A lot, but still quite the minority. People do run into situations where the same code with the same data produces slightly different results all the time because of changes in compiler, compiler settings, cpu arch, etc… They just don’t notice.
But, then they run into a situation where it matters and it’s a huge PITA to nail down.
Yes this is exactly it. The gold standard is bit-4-bit matching when shifting code between systems. If you move your code to a new system and get different results --> is it due to different summing order, or something else wrong? By ruling out the former you're more likely to get the bit-4-bit match and thus avoid a lot of debugging effort -- or spend it solving a real bug.
This is one of many reasons why we generally don't use the x87 registers anymore.
Surprisingly there are different algorithms for doing something as simple as summing up a list of numbers.
The naïve way of adding numbers one-by-one in a loop is an obvious way, but there are more sophisticated methods that give better bounds of the total accumulated error; Kahan summation[1] being one of the better-known ones.
Like most things, it can get complicated depending on the specific context. For streaming data, adding numbers one at a time may be the only option. But what if one could use a fixed-size buffer of N numbers? When a new number arrives what should be done? Take a partial sum of some subset of the N numbers in the buffer and add that to a cumulative total? If a subset if chosen, how? Are there provable (improved) error bounds for the subset selection method?
Fun stuff.
[1] https://en.wikipedia.org/wiki/Kahan_summation_algorithm
As far as I know, xsum [1] more or less solves the problem completely: order invariant and exact, at less than 2x the cost of the naive summation. Further speeding it up may be the only avenue left for improvement.
[1] https://gitlab.com/radfordneal/xsum
I was not aware of this (2015) work -- very nice!
A couple of pull-quotes from the paper to summarize:
Much work has been done on trying to improve the accuracy of summation. Some methods aim to somewhat improve accuracy at little computational cost, but do not guarantee that the result is the correctly rounded exact sum.
Many methods have been developed that instead compute the exact sum of a set of floating-point values, and then correctly round this exact sum to the closest floating-point value. This obviously would be preferable to any non-exact method, if the exact computation could be done sufficiently quickly
Exact summation methods fall into two classes — those implemented using standard floating point arithmetic operations available in hardware on most current processors, such as the methods of Zhu and Hayes (2010), and those that instead perform the summation with integer arithmetic, using a “superaccumulator”.
I present two new methods for exactly summing a set of floating-point numbers, and then correctly rounding to the nearest floating-point number. ... One method uses a “small” superaccumulator with sixty-seven 64-bit chunks, each with 32-bit overlap with the next chunk, allowing carry propagation to be done infrequently. The small superaccumulator is used alone when summing a small number of terms. For big summations, a “large” superaccumulator is used as well. It consists of 4096 64-bit chunks, one for every possible combination of exponent bits and sign bit, plus counts of when each chunk needs to be transferred to the small superaccumulator.

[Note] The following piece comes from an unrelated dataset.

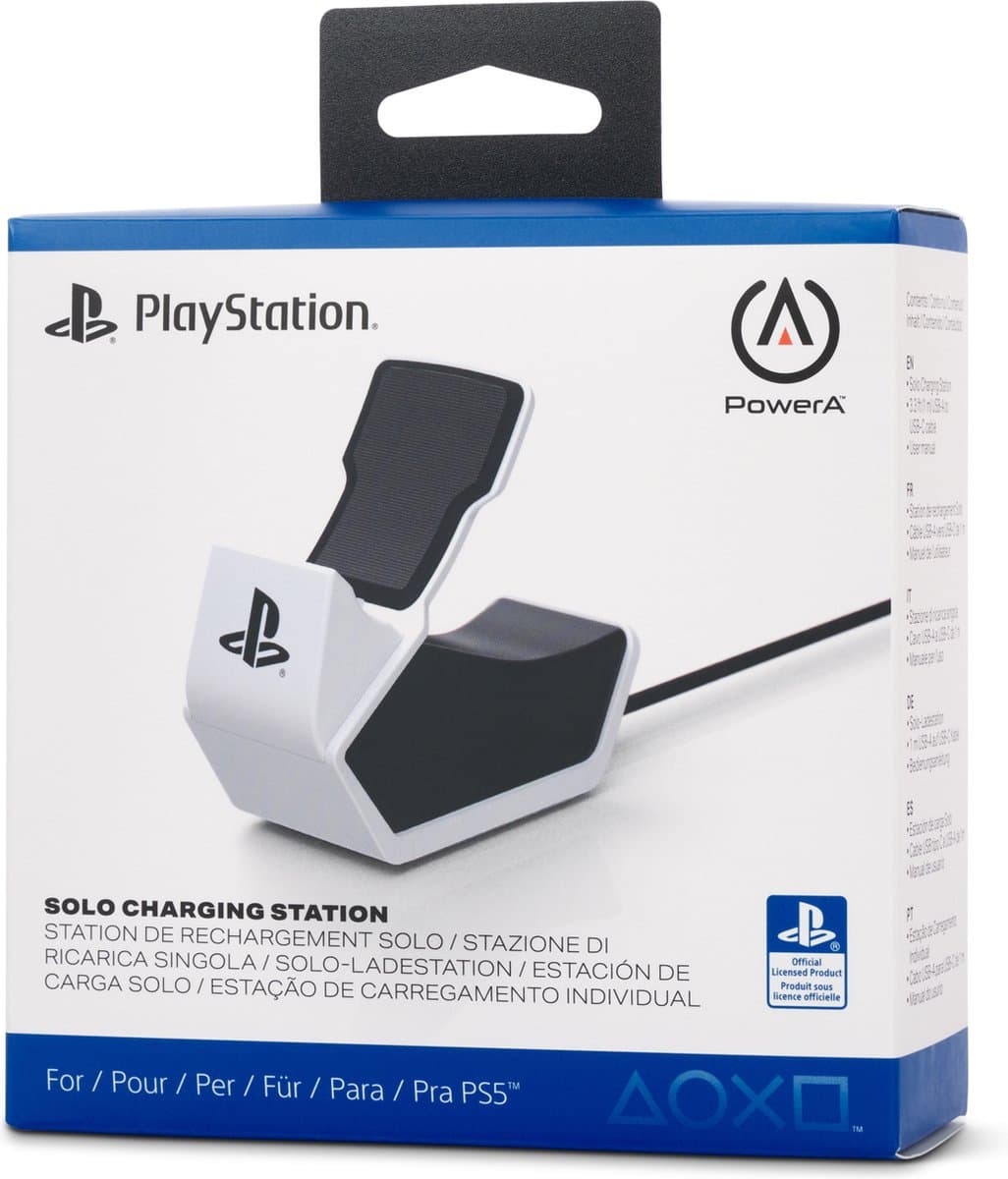 PowerA PS5 Solo-oplaadstation voor DualSense Draadloze Controller – Wit thumbnail 6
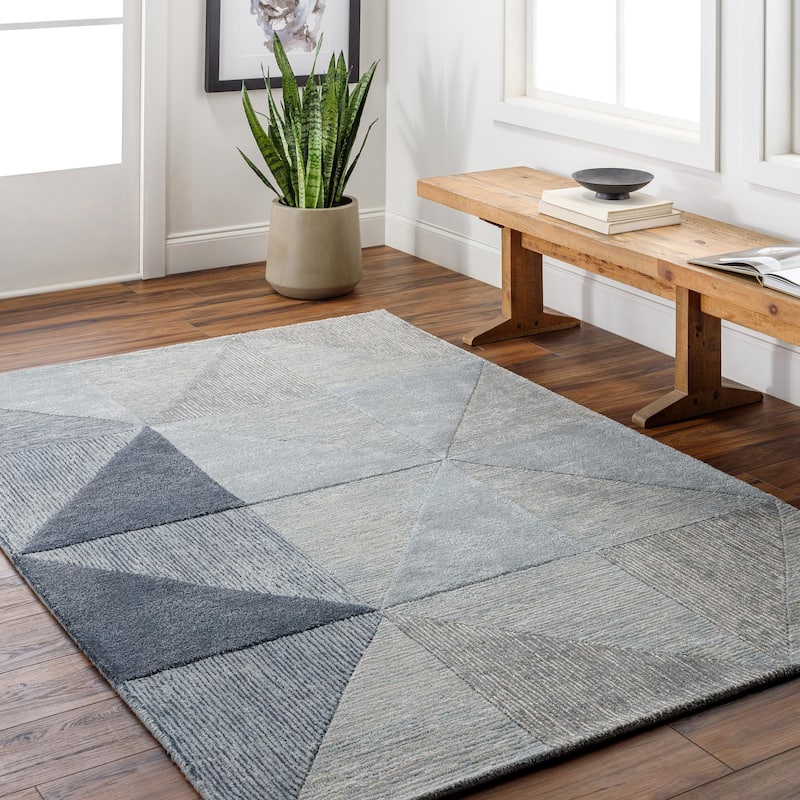 Amber Modern Patchwork Area Rug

On modern 64-bit processors, exactly summing a large array using this combination of large and small superaccumulators takes less than twice the time of simple, inexact, ordered summation, with a serial implementation
Thanks for the summary. I kinda low-key love the idea of converting floats into a fixed point representation that covers the entire range represented by the float type. I mean the accumulator is only 32 KB, which is likely to be in L1 the entire time on modern hardware, and any given float is only going to need two 64 bit words, + 13 bits (12 bits for offset, and 1 for sign) to be represented in this scheme.
This is a lot of "should" for something that basically doesn't happen. The only information you give is the order of arithmetic in the original expression.
It is a total nightmare if arithmetic is not stable between builds. Rebuilding the software and running it on the same input should not produce different results.
(Long ago I encountered the special Intel version of this: because the FPU used 80-bit registers internally but 64-bit in memory, changing when a register fill/spill happened would change when your answer got rounded, and thereby change the results. You can set a global FPU flag at the start of the program to force rounding on every operation.)
This doesn’t do quite the same thing. It still uses the wider exponent range of the 80-bit type.
It does happen in languages and libraries with a higher level of abstraction. MKL for example will do whatever it wants for accumulations (which practically means that it’ll take advantage of SIMD because that’s a big reason why people use the library) unless you specifically request otherwise via there “Conditional Numerical Reproducibility” flag.
I think that was the right way to do it. BLAS made the right decision by defining these things in terms of sums and dot products instead of step-by-step instructions.
It will always be possible to write programs that run differently on different hardware or with different optimization levels. If somebody is writing code for floating point computations and expects exact bit patterns—it is possible, of course, all the rounding behavior is clearly specified. But usually this is an error.